Google coined the phrase “Don’t be evil” to sum up its corporate philosophy. The company had a background that seemed match the mantra. Google was created by a pair of Stanford PhD candidates. They created the website without a financial plan, but with a vision to create a superior search engine. Their mastery of internet search technology and there commitment to keeping Google ad free helped to turn a garage business into one of the most powerful companies in the world.
Google seems to have passed on the don’t be evil mantra to its corporate practices. Google offers employees free snack and encourages aimlessly searching the internet. The practice helps to create fresh ideas according to Google corporate philosophy. The guidelines have works a Google has emerged as a force more powerful than just a search engine. Google has become such a corporate powerhouse that Microsoft and Facebook have developed strategies to keep the search engine based organization away from their fields. It seems silly to be afraid of a group that encourages ping-pong tournaments during work hours, but the don’t be evil mantra seems to be on the outs as Google grows up.
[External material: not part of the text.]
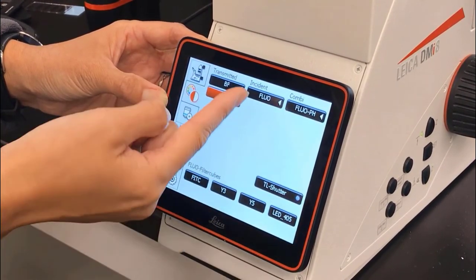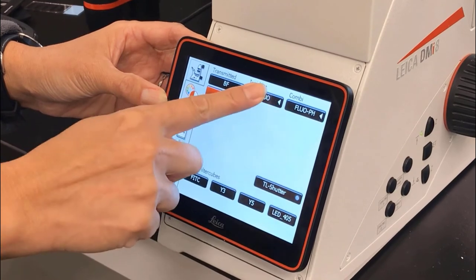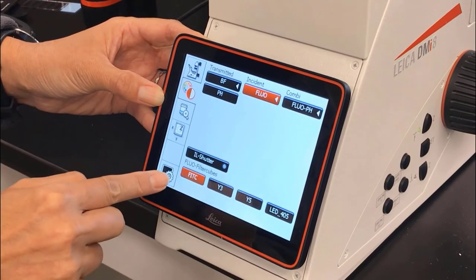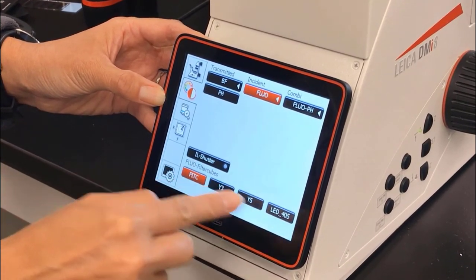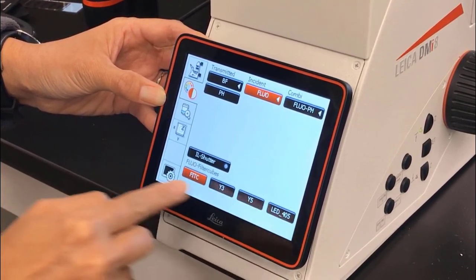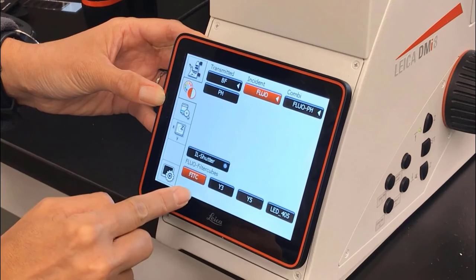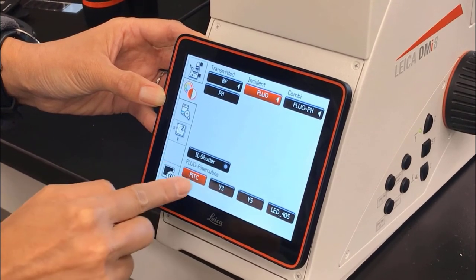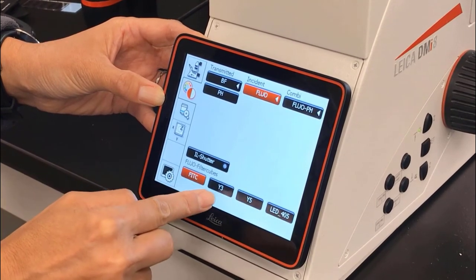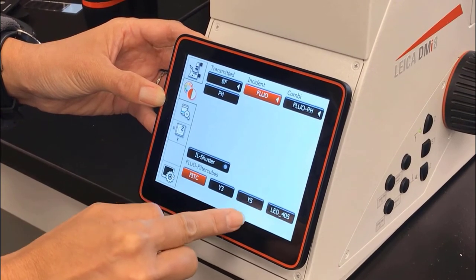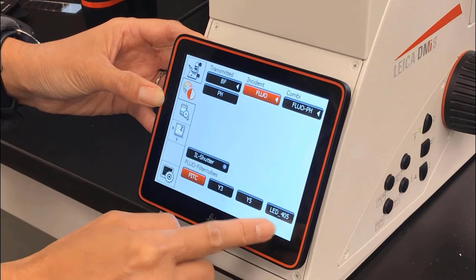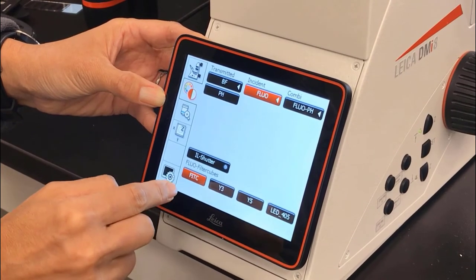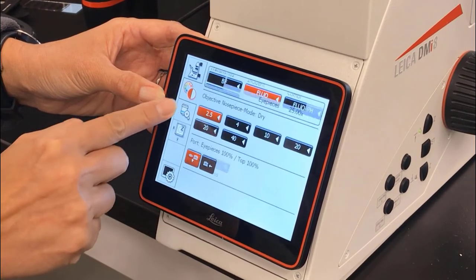If we switch to the fluorescence incident light method, we can see that the filter cubes are now available to us. We can choose between FITC, Cy3, Cy5, or LED 405, which you use for DAPI.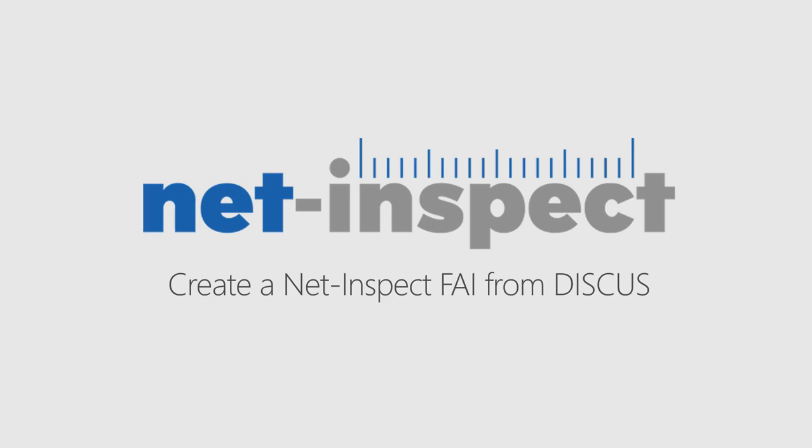During this video, we will review how to create a NetInspect FAI from a third-party tool known as Discus.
In 2010 Google was exposed as company that used tax loopholes to avoid paying American corporate taxes. By channeling their revenues through Ireland and the Cayman Islands Google was able to avoid paying billions in taxes. While the practice might not be something to be proud of Google is hardly the only company to seek out take loopholes. The area that Google might have most violated its self professed mantra is in the are of net neutrality. The internet has been a tier free superhighway of information, while the arrangement has worked for consumers, major corporations have cried foul. Laying down infrastructure for the public to access the internet should give companies the right to control content. While this argument might be seen as evil, Google seems to agree.